The claim, which was later revised to c£670,000 in value, was first issued in February 2022 and sought to recover sums in debt and/or damages from a building company, and its parent under a deed of indemnity, in respect of costs incurred to remedy fire-safety defects at a London building development.
Despite agreeing to a stay to allow pre-action correspondence to take place, the builder entered into a CVA in May 2022, which sought to compromise claims not only of its creditors but also from creditors with ‘performance guarantees’ in place with its parent. As a result, the insurer’s claim proceeded against the parent as a claim under its indemnity, which the parent sought to defend on the sole basis that the claim had been compromised by the CVA.

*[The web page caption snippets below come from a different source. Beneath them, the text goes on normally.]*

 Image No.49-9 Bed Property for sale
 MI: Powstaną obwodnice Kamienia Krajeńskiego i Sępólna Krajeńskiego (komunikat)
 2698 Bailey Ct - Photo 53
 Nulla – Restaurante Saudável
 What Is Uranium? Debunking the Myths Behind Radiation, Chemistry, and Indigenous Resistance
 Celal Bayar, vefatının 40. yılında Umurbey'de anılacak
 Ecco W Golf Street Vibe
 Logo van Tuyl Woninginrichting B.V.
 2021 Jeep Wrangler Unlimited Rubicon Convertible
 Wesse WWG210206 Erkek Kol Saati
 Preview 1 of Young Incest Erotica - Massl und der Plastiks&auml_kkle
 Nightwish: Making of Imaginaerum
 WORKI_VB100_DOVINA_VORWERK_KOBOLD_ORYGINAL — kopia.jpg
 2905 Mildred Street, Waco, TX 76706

No defence was filed; rather, the parent applied to stay and for summary judgment on the strength of the CVA, and in circumstances where a third-party challenge to the CVA had been brought by two ‘guarantee’ creditors, prompting a cross-application for summary judgment and an interim payment on account of damages by the insurer.

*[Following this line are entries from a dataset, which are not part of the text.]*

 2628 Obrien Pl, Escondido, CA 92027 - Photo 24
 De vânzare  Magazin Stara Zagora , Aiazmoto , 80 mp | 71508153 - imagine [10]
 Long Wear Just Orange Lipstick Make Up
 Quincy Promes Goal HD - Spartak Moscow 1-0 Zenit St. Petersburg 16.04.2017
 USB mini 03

The High Court in the CVA challenge found that (i) insufficient information had been given to guarantee creditors as to their position in relation to the parent, and that there was a material irregularity arising from the absence of a full explanation over how the guarantee creditor claim sum was reached; and (ii) one of the creditor applicants with a guarantee had been unfairly prejudiced on the basis that the class of guarantee creditors had been swamped by votes from creditors who were to be paid in full, without due justification.

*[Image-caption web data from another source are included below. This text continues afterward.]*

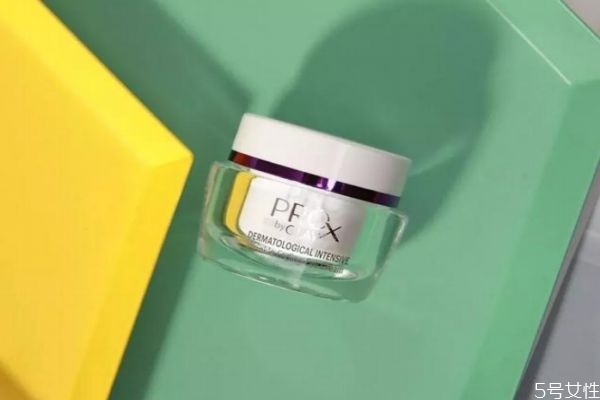 olay超a眼霜可以白天使用嗎 olay超a眼霜使用注意事項 olay超a眼霜可以白天使用嗎 olay超a眼霜使用注意事項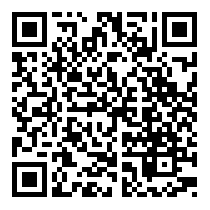 QR Code https://www.principocket.com/fr/events/a06cf948c17d788376c1fca583ddf752-Sport-Meeting-Herculis-EBS-2025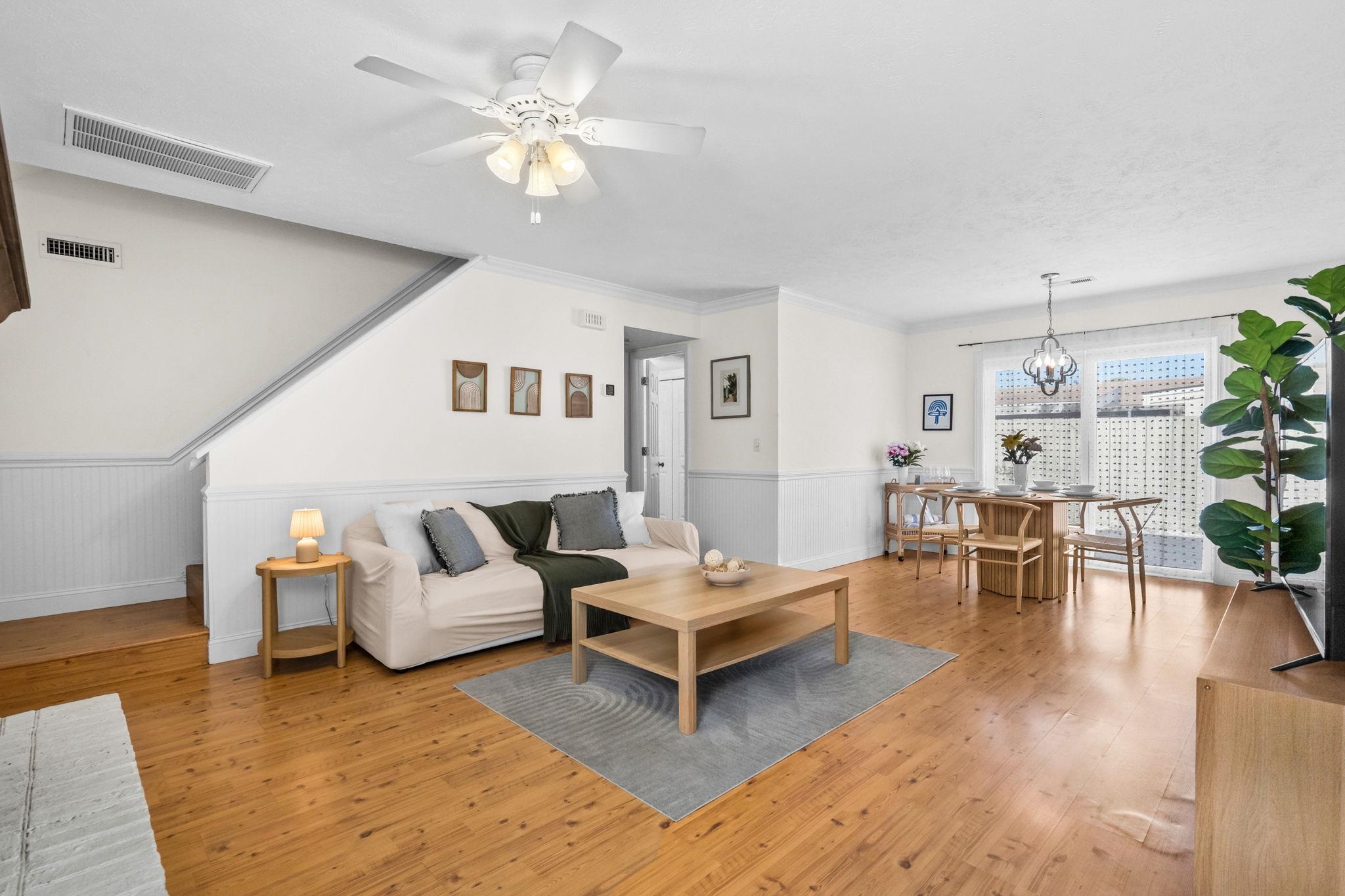 2625196 | Photo 14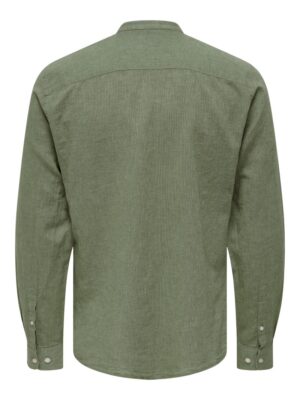 ONLY&SONS_SpringSummer2022_4239973_22019173_2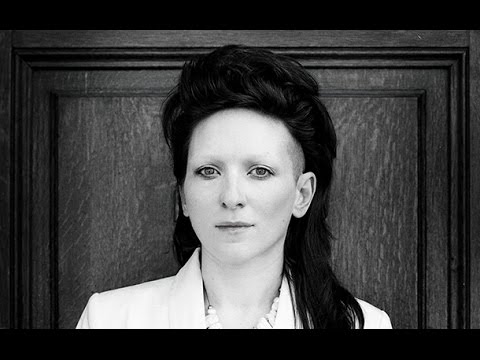 AllMusic New Releases Roundup 9/16/14: Shellac, My Brightest Diamond, & Jason Moran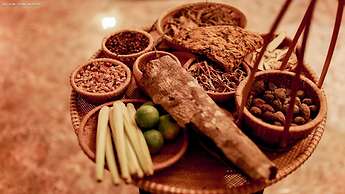 Sai Gon Dong Ha Hotel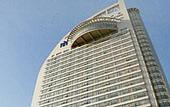 Туры в отель Bayshore Hotel Dalian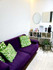 Imagem 6 da galeria do parceiro De Vie Pilates Yoga Terapias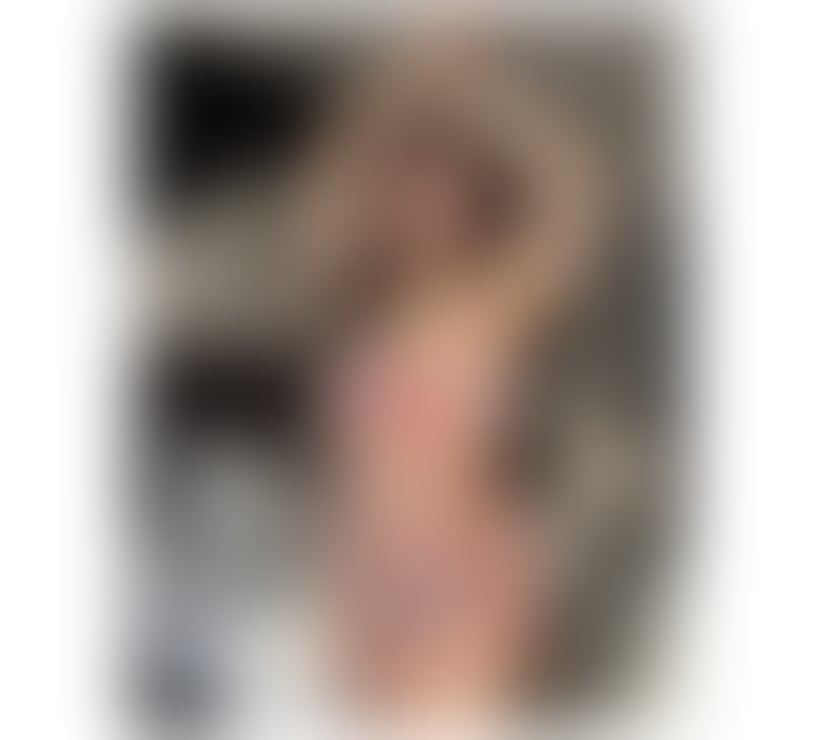 Escorts Oxfordshire Cherwell - Photos for Hello I’m THAI new in town hot and sexy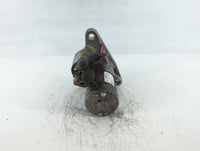 2019 Nissan Sentra Car Starter Motor Solenoid OEM P/N:190521 S114-955D, 23300 EN22C Fits OEM Used Auto Parts - Oemusedautopa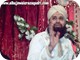 Owais Raza Qadri (145)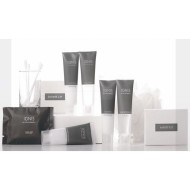 Κρέμα μαλλιών σε σωληνάριο 22ml σε χρώμα γκρι IGNIS 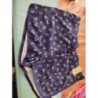 Short femme T.40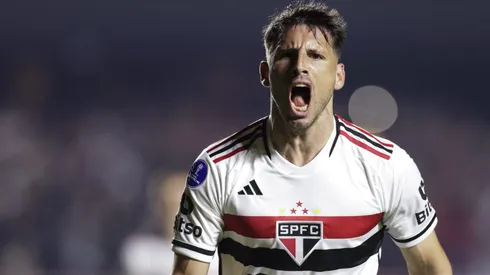 (Photo by Alexandre Schneider/Getty Images)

The builder sought to appeal to the Court of Appeal, which was dismissed on 19 April 2023, and as a result directions were given in the claim against the parent requiring it to file a defence and for the outstanding applications to be listed and heard. No defence was filed, and as a result, the claimant applied to bring on the outstanding applications and also sought judgment in default on the premise that the argument based on the CVA could no longer be maintained and as time to file a defence had passed.
The three applications were listed for a day’s hearing, with one day of pre-reading. Having ignored arrangements for the claim, at 3.15 pm on the day before the hearing, solicitors for the parent company wrote to confirm that they were now instructed for administrators, and confirmed that the parent had been placed into administration that day and requested that the court simply vacate the hearing.
Against this background, and on notice to the administrators, the claimant made an oral application at the hearing to lift the moratorium imposed by the administration in order to solely deal with the outstanding applications, and to allow the court to enter judgment in default and assess the claimant’s costs. Against strong opposition, in a fact-specific decision the Court concluded that the long time in which the case had been ongoing, the costs incurred, and the very late notice of the administration, coupled with a history of having been ‘messed around’, were relevant factors in deciding that the circumstances were ‘exceptional’ so as to allow the court to exercise its discretion and lift the moratorium and deal with the claimant’s applications.
Although no enforcement will take place in the ordinary sense because of the administration, the effect of that finding is significant: a substantial proportion of the claimant’s indebtedness has been crystalised enabling its debts (now of c.£1 million, including interest and cost awards) to be addressed in the wider administration, and it provides a further warning for companies that fail to engage in litigation.